Dans le cadre de la lutte contre la corruption, l’Inlucc s’est associée, vendredi dernier, à l’ONG I-Watch pour organiser une cérémonie afin de récompenser dix citoyens Tunisiens lanceurs d’alerte.

Il convient de préciser qu’un lanceur d’alerte est définit par l’ONG Transparency International comme étant « une personne qui, dans le contexte de sa relation de travail, signale un fait illégal, illicite et dangereux, touchant à l’intérêt général, aux personnes ou aux instances ayant le pouvoir d’y mettre fin ».

A vrai dire, la récompense de ces lanceurs d’alerte tunisiens est le moins qu’on puisse faire pour inciter l’ensemble des citoyens à surmonter leurs craintes de représailles et à dénoncer les abus qu’ils auraient noté partout où ils sont et sans hésitation.

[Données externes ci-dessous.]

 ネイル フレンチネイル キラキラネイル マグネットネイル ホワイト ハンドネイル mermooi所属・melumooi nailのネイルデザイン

Selon la déclaration de Henda Faleh, coordinatrice d’I-Watch, accordée à l’AFP, « l’idée est de leur donner du courage, et de prouver qu’on est en guerre ouverte contre la corruption ».

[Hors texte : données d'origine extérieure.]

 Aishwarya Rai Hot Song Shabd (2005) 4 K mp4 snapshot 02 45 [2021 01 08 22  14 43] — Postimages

Inutile de rappeler que cette guerre, dont Henda Faleh parle, a toujours été inégale puisque les victimes tout comme les témoins de cas de corruption se sentent vulnérables dans l’absence d’une législation qui les protège et encourage.

L’ironie du sort fait que, très souvent, ce sont eux qui ont le plus peur d’être dénoncés.
Noureddine Khalfaoui, un des lauréats, a confié qu’ »il y a des personnes qui se sentent mal protégées, qui ne peuvent pas construire seules des dossiers solides et qui risquent au final d’être poursuivies » pour des déclarations qui, parfois, risquent d’être jugées calomnieuses.